Au début des années 70, une petite entreprise du centre de la France se met en tête de produire une GT capable de rivaliser avec les meilleures teutonnes ou transalpines. Légère et puissante, la Ligier JS2 aurait pu être le point de départ d’une lignée de sportives françaises. Malheureusement, prise dans la tourmente de la crise pétrolière, du fiasco de Citroën, fournisseur de l’ensemble boîte-moteur via Maserati et surtout de la désaffection du public, la petite entreprise bourbonnaise devra revoir ses ambitions à la baisse et cesser de produire sa belle GT.

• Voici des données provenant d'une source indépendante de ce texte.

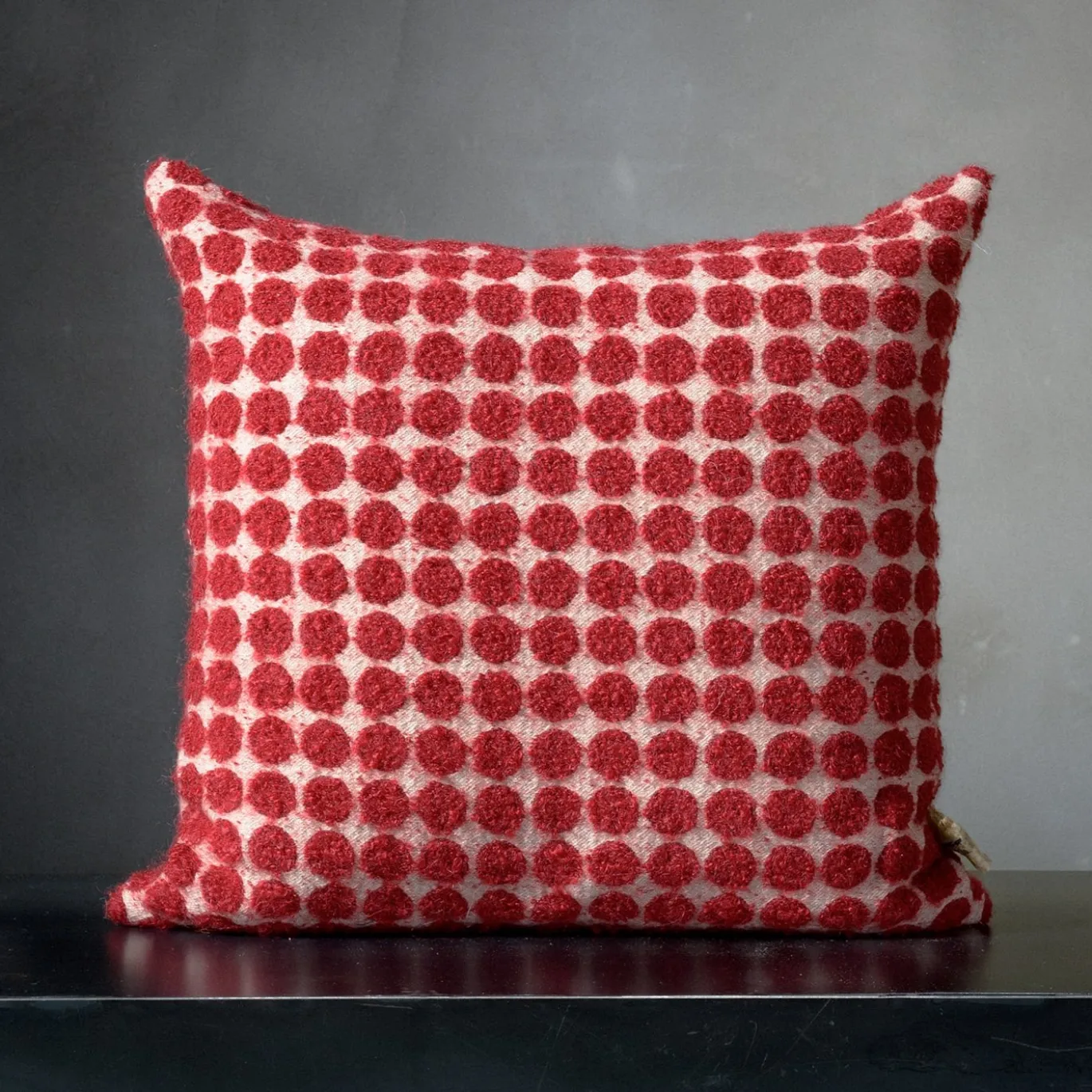 Cuscino in lana bouclé bianco e rosso a pois quadrati Polystic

Production (1972-1975) : 86 exemplaires
Dont : 48 JS2 2.7, 31 JS2 3.0 et 7 JS2 Phase 2
Lieu : Abrest (03)
Guy Ligier, entrepreneur et fonceur
Passer du statut d’orphelin, rapidement orienté vers la boucherie, à celui de patron d’un constructeur automobile puis d’une écurie de Formule 1 démontre une volonté de fer et un caractère fort. C’est le cas de Guy Ligier qui, loin de se laisser enfermer dans une modeste condition, a toujours mis toutes les chances de son côté pour accomplir ses rêves. Ce caractère fort et fonceur, il le doit sans doute au sport, devenant champion de France d’aviron à 17 ans et pratiquant le rugby (au poste de talonneur) à un niveau international. Pourtant, son début de carrière se fait loin des terrains de sport, mais le rapproche indirectement du bitume des circuits. Pressentant la forte demande, dans les années 50, pour la réalisation de routes et d’autoroutes, Guy Ligier va investir ses économies dans un bulldozer et se lancer dans les travaux publics. L’essor de son entreprise jusque dans les années 60 lui permettra de financer ses plaisirs : la course de moto d’abord (champion de France 500 cc en 1959) puis la course automobile.
L’amitié envolée
En 1964, il a déjà 34 ans mais l’envie de piloter. Il débute donc en Formule 2 et fait la connaissance d’un autre pilote, Jo Schlesser, qui devient rapidement son ami. Ce dernier l’embarque avec lui dans l’aventure Ford France en endurance, sur GT40. En 1967, les deux potes devenus coéquipiers remportent même les 12 heures de Reims. Dans le même temps, Guy Ligier fait ses premiers pas en Formule 1 pour l’écurie Brabhams et réussit même à marquer un point de façon chanceuse. L’homme est pourtant lucide : il n’a pas l’étoffe d’un champion comme son ami Jo. Entrepreneur dans l’âme, il rêve de construire un jour sa propre voiture de course avec celui qui est devenu comme son frère. Hélas, Jo Schlesser se tue au volant de sa F1 Honda le 7 juillet 1968, lors du Grand Prix de France sur le circuit de Rouen-Les-Essarts. Effondré, Ligier n’a plus qu’une idée en tête : accomplir son rêve en hommage à Jo.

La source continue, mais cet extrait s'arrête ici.